[[ Records supplied open ]]
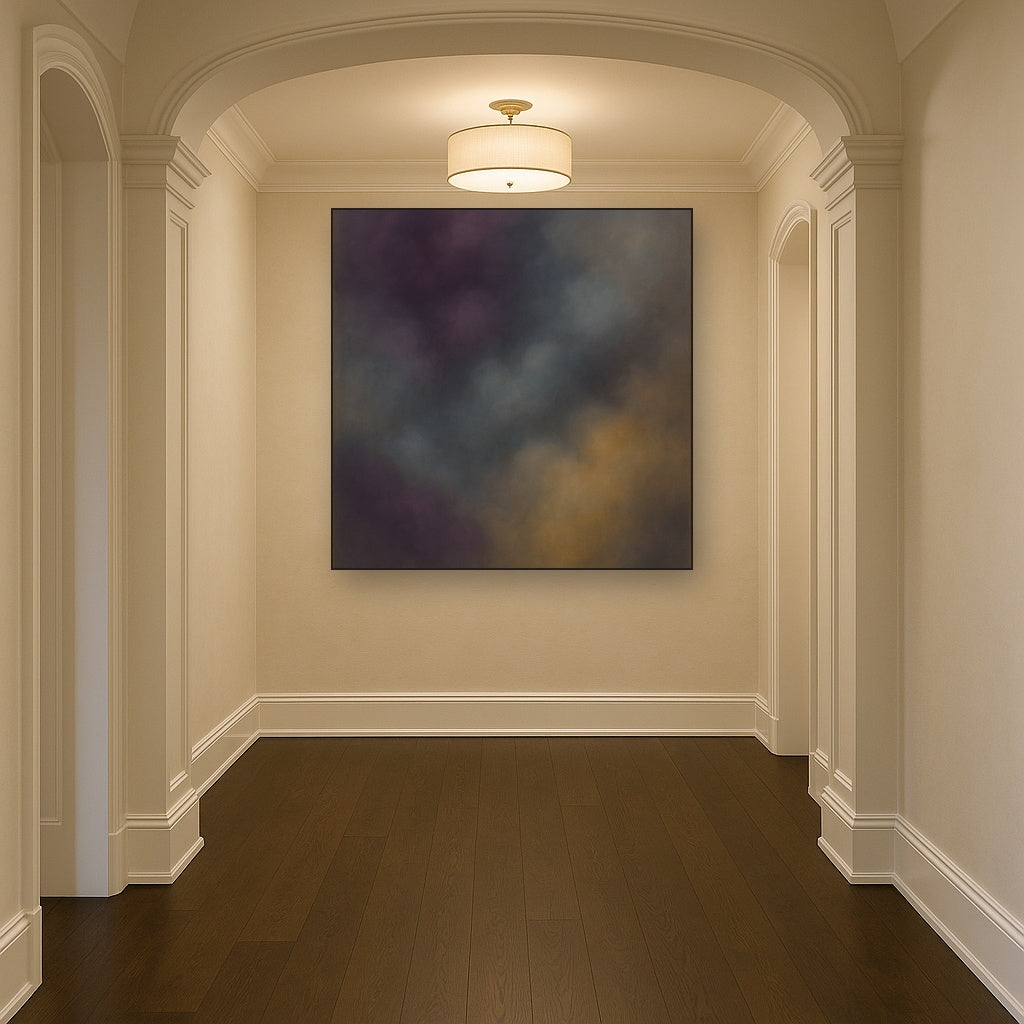 Gilded Plum & Soft Smoke Cloud Harmony No. 20 Oil Painting Staged in Bright Entryway and Hallway Gallery Wall, Hand Painted Fine Art on Linen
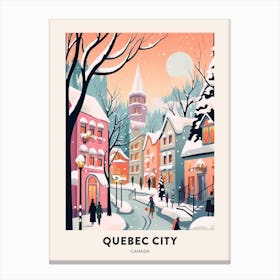 Vintage Winter Travel Poster Quebec City Canada 1 Canvas Print
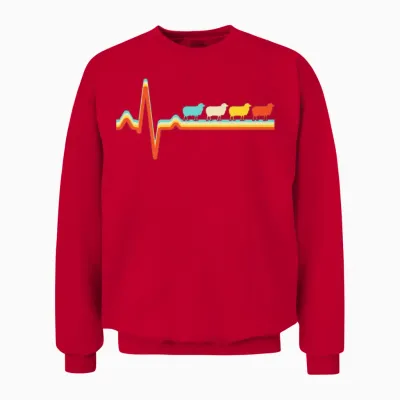 Sheep Retro Heartbeat Unisex Sweatshirt - Red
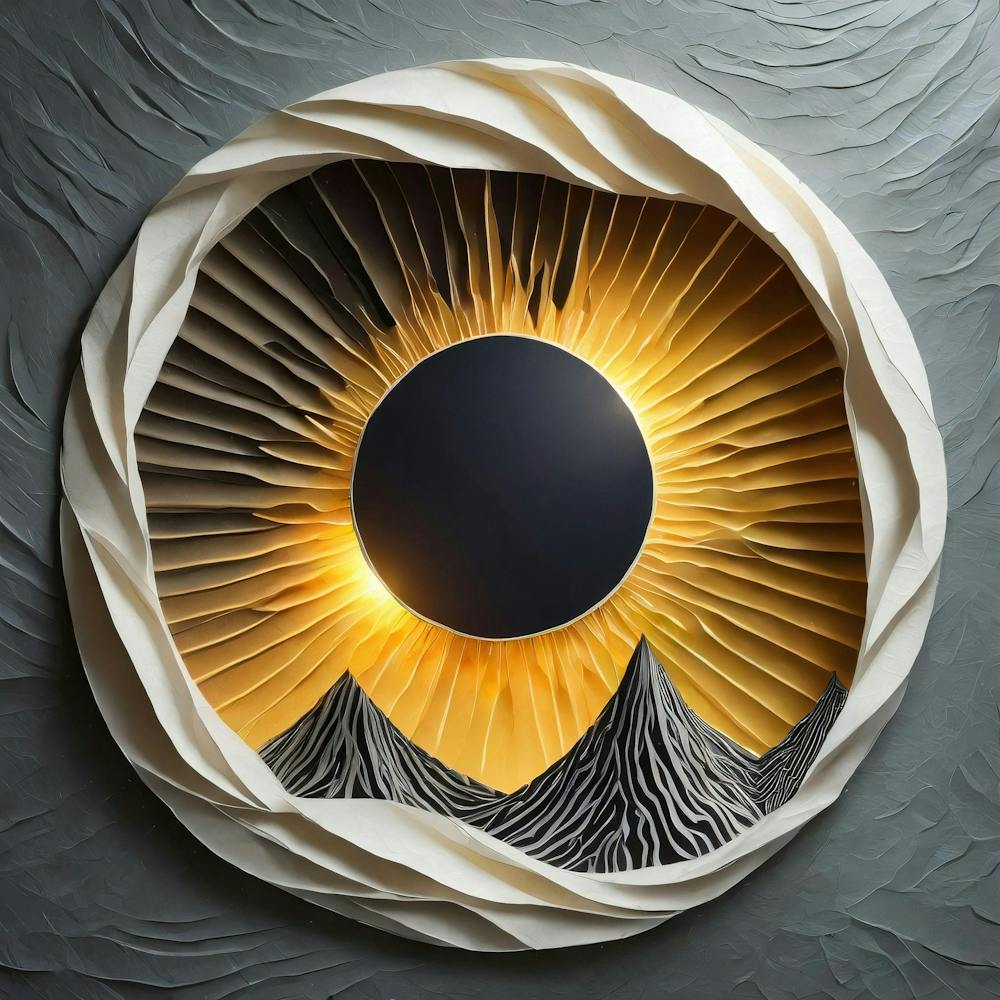 April 8 2024 Solar Eclipse Over Mountains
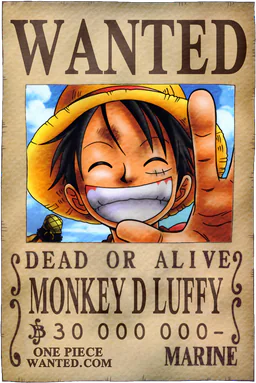 Affiche WANTED de Monkey D Luffy - 30000000 Berries
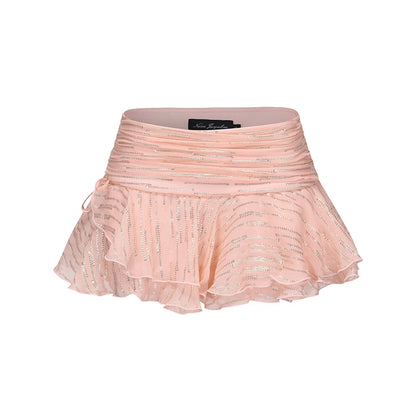 Silk Ruffled Luminous Two-Piece Set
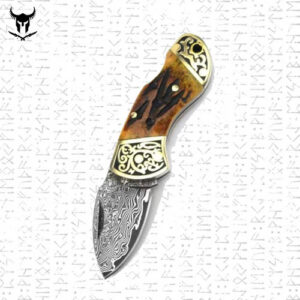 Folding Nordic Damascus Steel Knife with Hand-Carved Pure Brass Handle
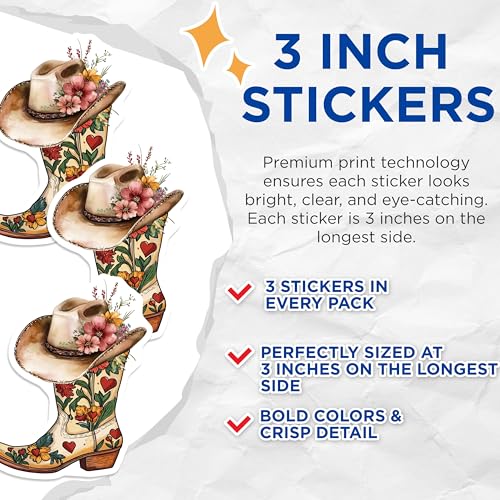 (3 Pack) Floral Cowboy Boot Decals - Western Hat Stickers - Country Style Decals - 3 Inches On Longest Side - Easy Peel & Apply - Made in USA - 3MCS4444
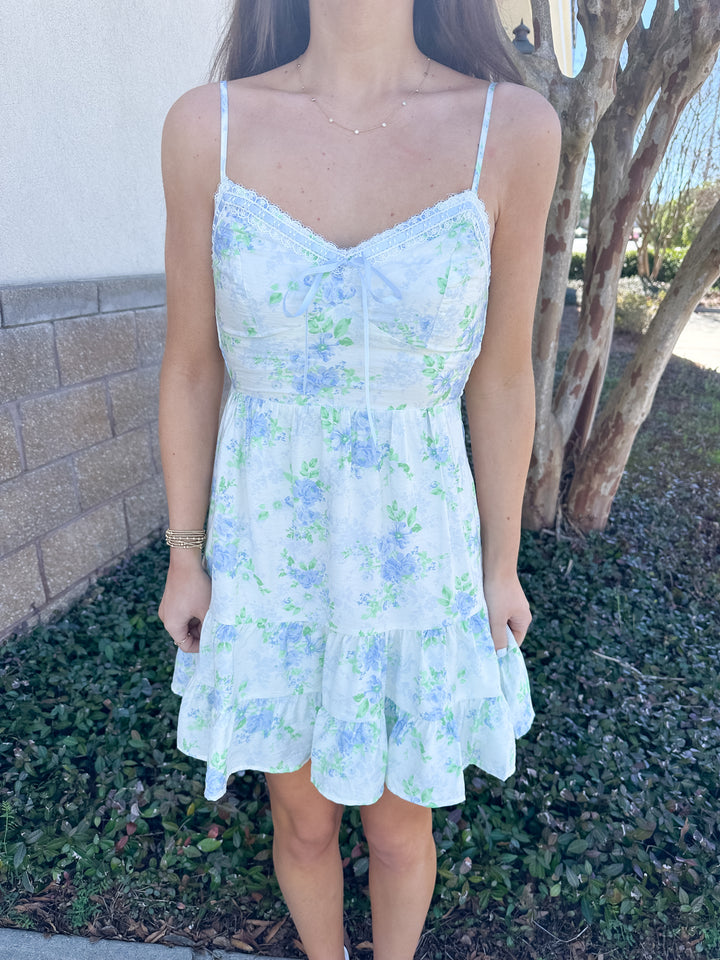 Floral Blues Mini Dress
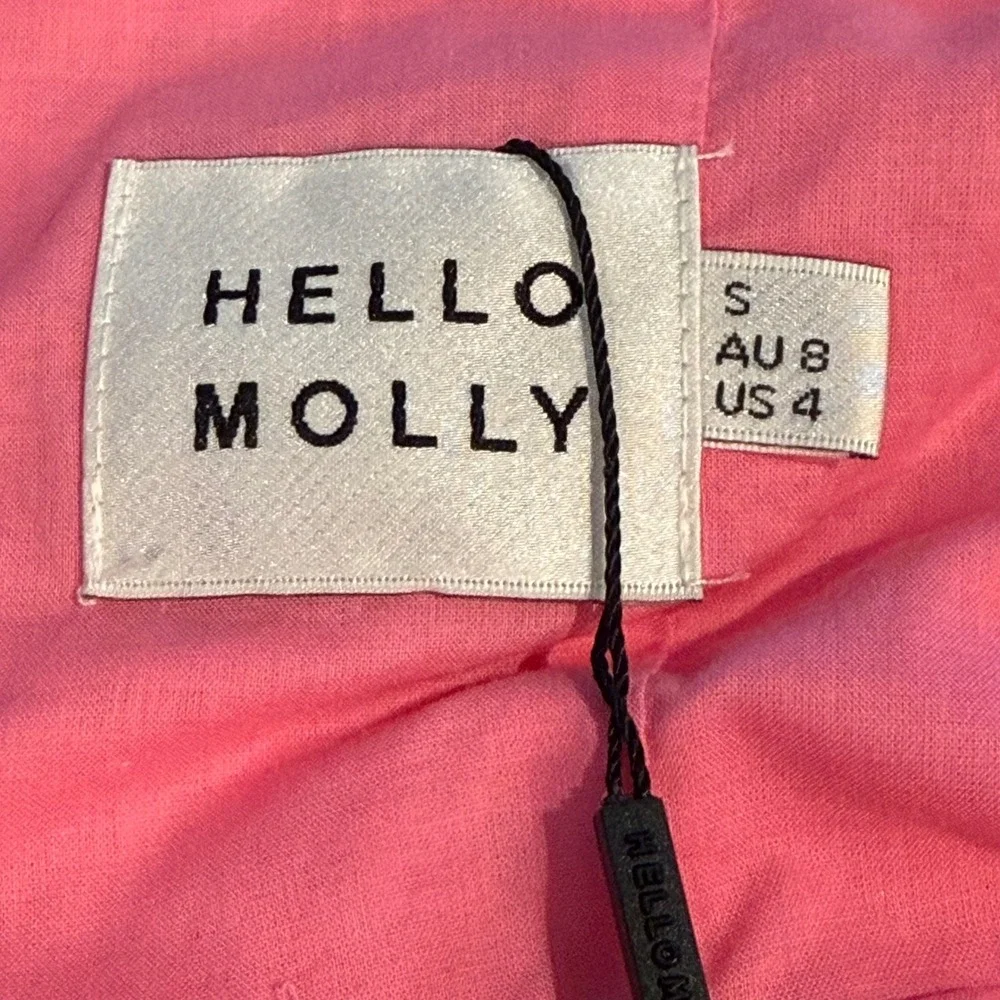 Hello Molly Pink One Shoulder Tie Front Linen Blend Mini Dress US 4‎ NEW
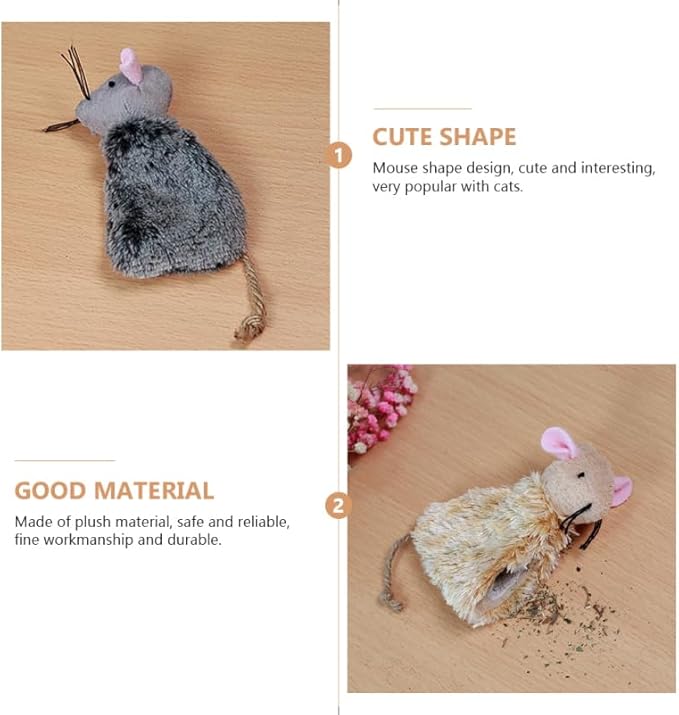 Hemoton 3pcs Refillable Catnip Toys for Cats, Cat Toys for Puppie Kittens, Plush Mouse Filled, Interactive Kitten Teething Chew Doll, Realistic Mice Set for Boredom Relief & Hunting Exercise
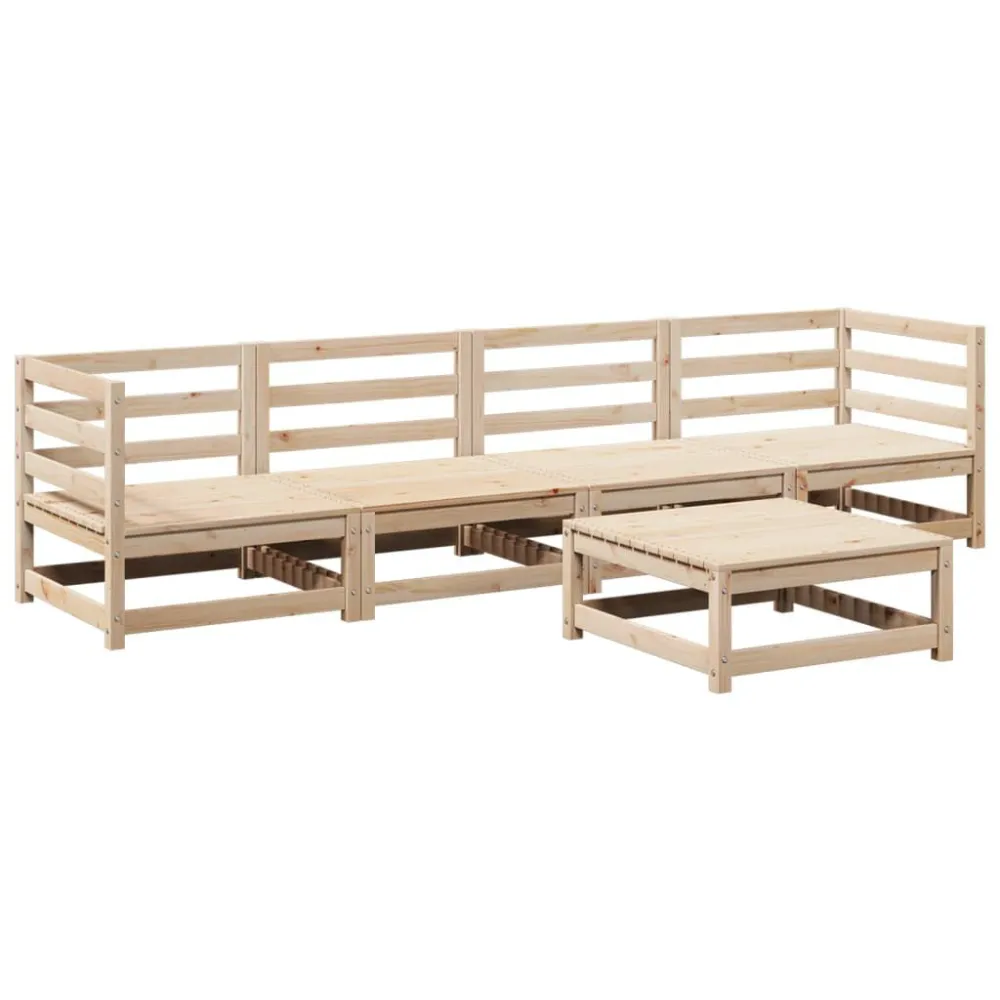 Premium Resina Sintetica Set Divani da Giardino 5 pz Legno Massello di Pino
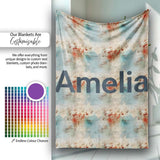 Abstract Grunge Texture with Red and Blue Tones Seamless Name Cute  Personalised Custom Name Super Soft Fleece Blanket Bed Sofa Throw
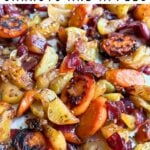 Roasted carrots and apples with maple Dijon glaze on a sheet pan.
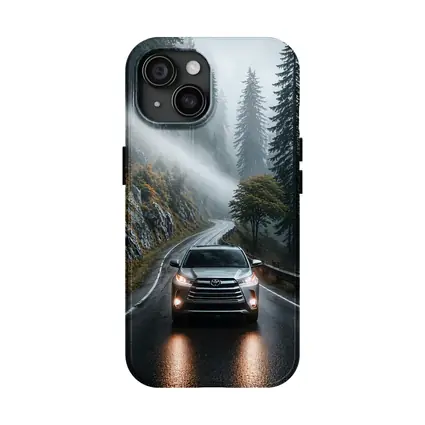 Toyota Highlander SUV Rainy Forest Road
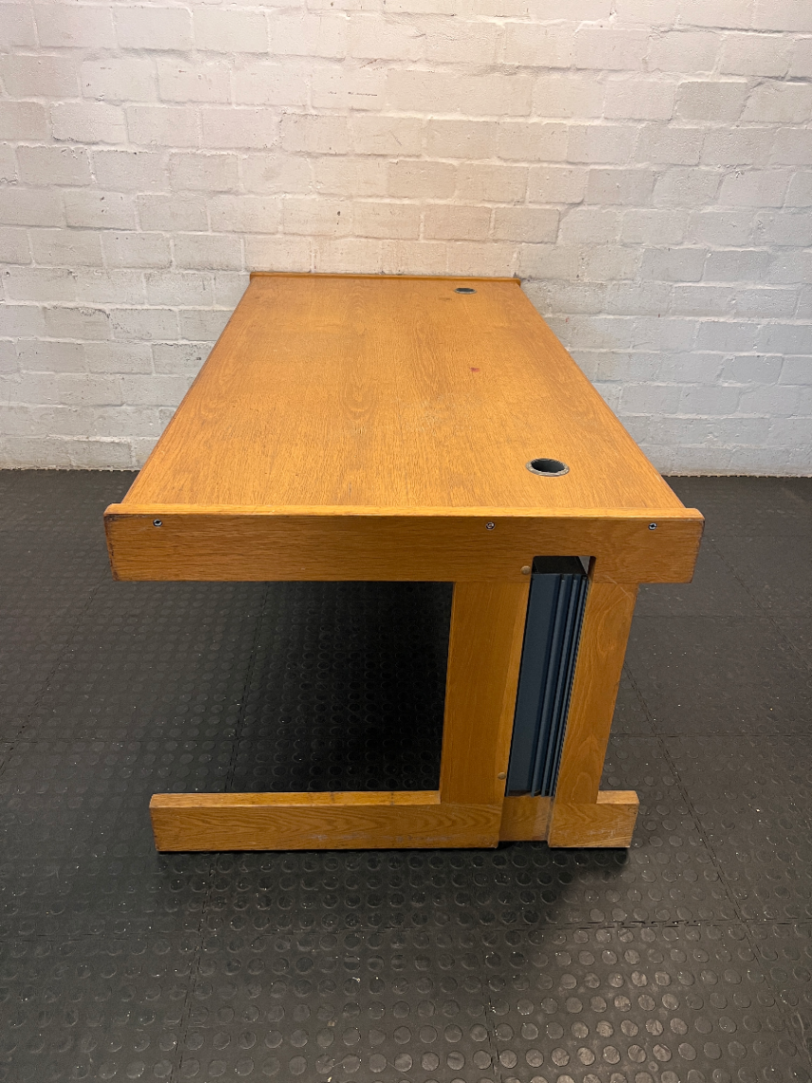 Classic Wood-Toned Office Desk with Cable Management - 2ndhandwarehouse.com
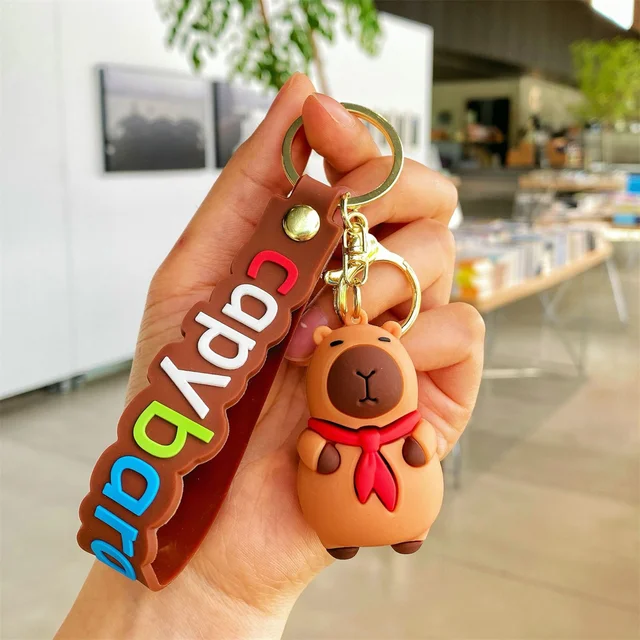 Cute Capybara Rodent PVC Pendant Keychain - Simulation Capybara with Turtle Design Anime Keyring for Cute Animal Lovers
[[ Records supplied closed ]]
• _Exercise_: What should appear is an exact copy of the lines from the one containing "Premium Resina Sintetica" through the last line of the records above, pictures excluded.

• _Exercise output_:
 Premium Resina Sintetica Set Divani da Giardino 5 pz Legno Massello di Pino
 Abstract Grunge Texture with Red and Blue Tones Seamless Name Cute  Personalised Custom Name Super Soft Fleece Blanket Bed Sofa Throw
 Roasted carrots and apples with maple Dijon glaze on a sheet pan.
 Toyota Highlander SUV Rainy Forest Road
 Classic Wood-Toned Office Desk with Cable Management - 2ndhandwarehouse.com
 Cute Capybara Rodent PVC Pendant Keychain - Simulation Capybara with Turtle Design Anime Keyring for Cute Animal Lovers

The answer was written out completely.